Task details:
Could you give back exactly the lines below from the one with "China Remote+Timer 20pcs" through the one with "Woman writing copy for an SEO landing page", without a single picture?

The input:
============================================================

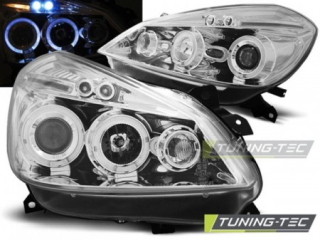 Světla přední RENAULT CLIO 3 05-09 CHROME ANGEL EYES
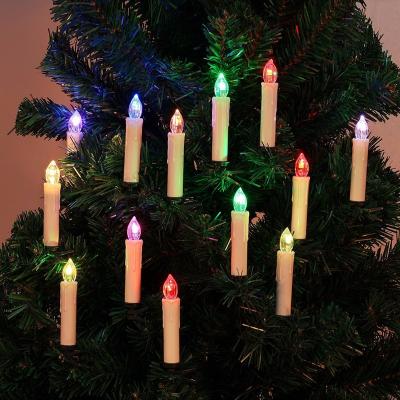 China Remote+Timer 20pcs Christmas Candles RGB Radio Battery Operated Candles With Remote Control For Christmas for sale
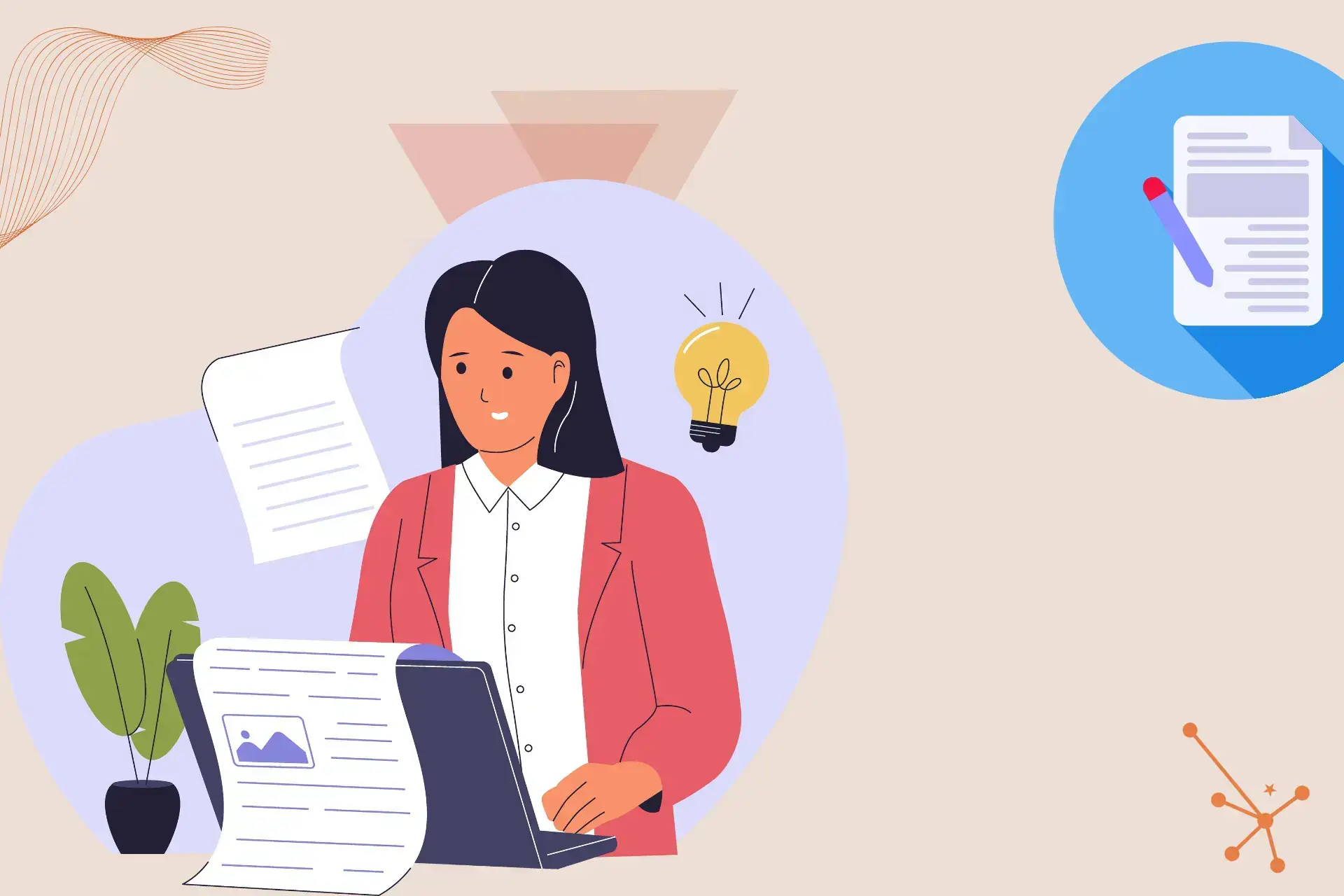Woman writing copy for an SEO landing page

============================================================

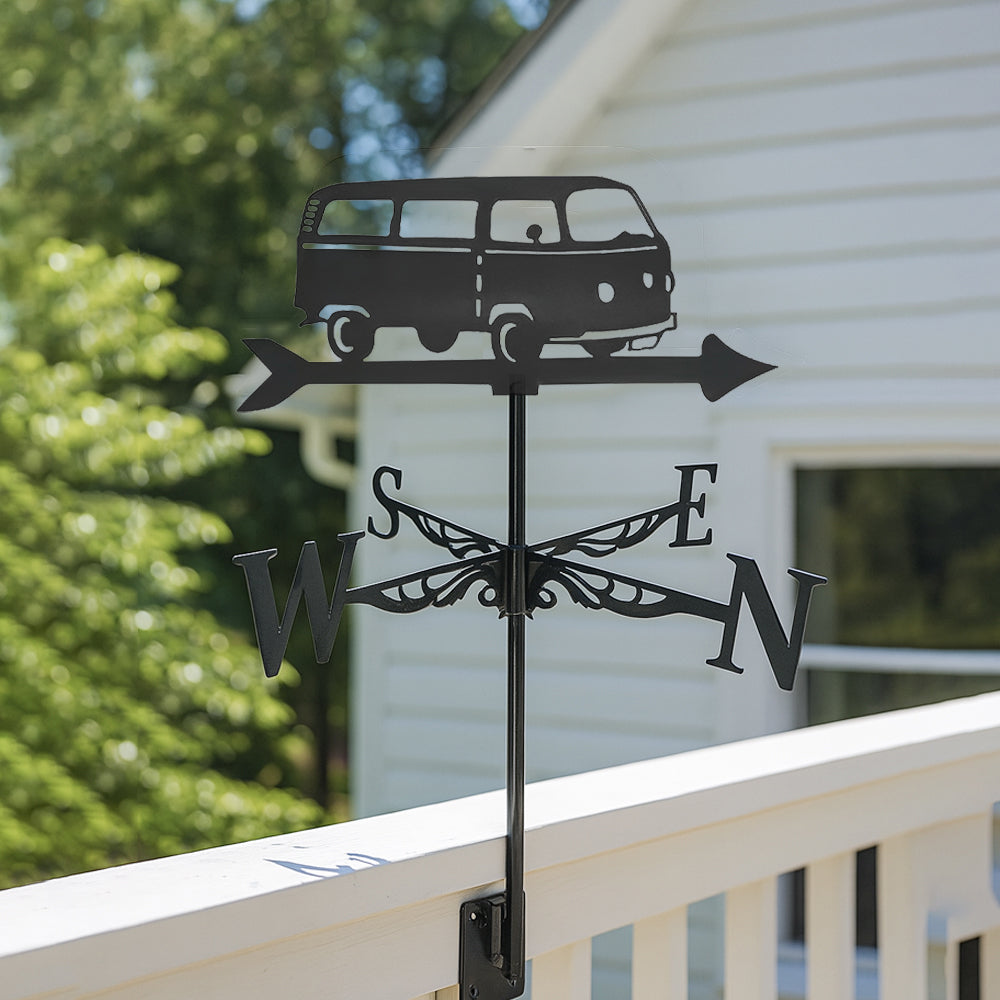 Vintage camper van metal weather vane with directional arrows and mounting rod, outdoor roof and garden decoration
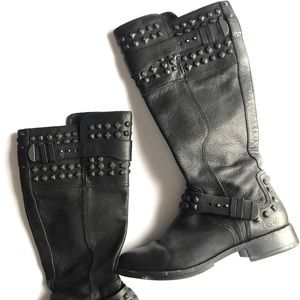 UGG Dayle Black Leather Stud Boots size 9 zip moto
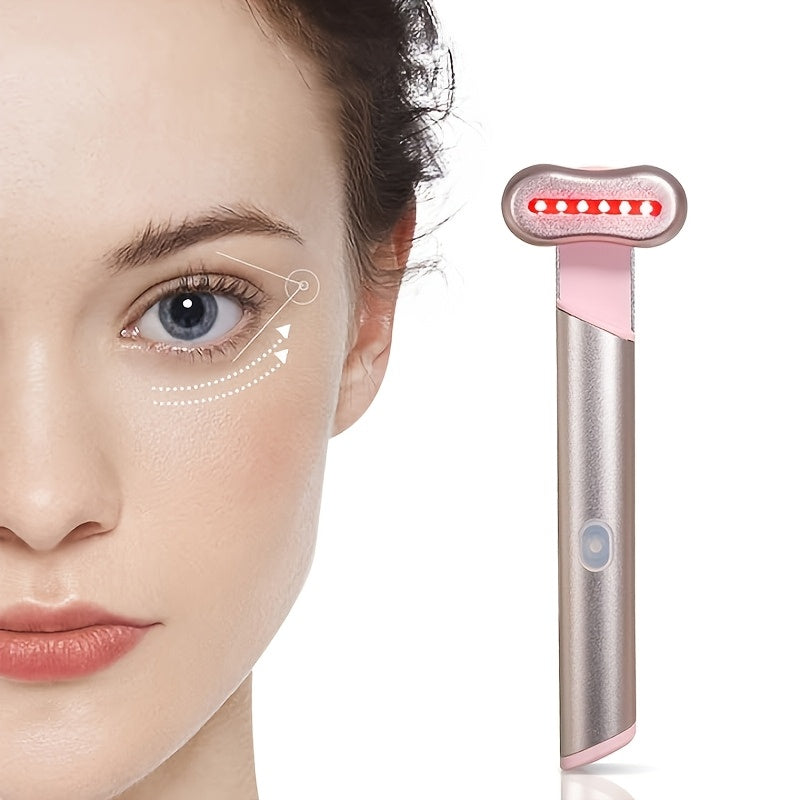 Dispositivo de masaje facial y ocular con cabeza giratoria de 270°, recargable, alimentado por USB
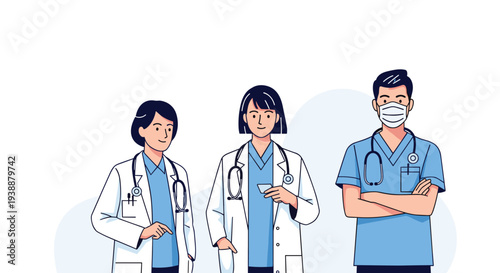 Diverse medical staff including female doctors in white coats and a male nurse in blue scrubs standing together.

============================================================

Task answer:
 China Remote+Timer 20pcs Christmas Candles RGB Radio Battery Operated Candles With Remote Control For Christmas for sale
Woman writing copy for an SEO landing page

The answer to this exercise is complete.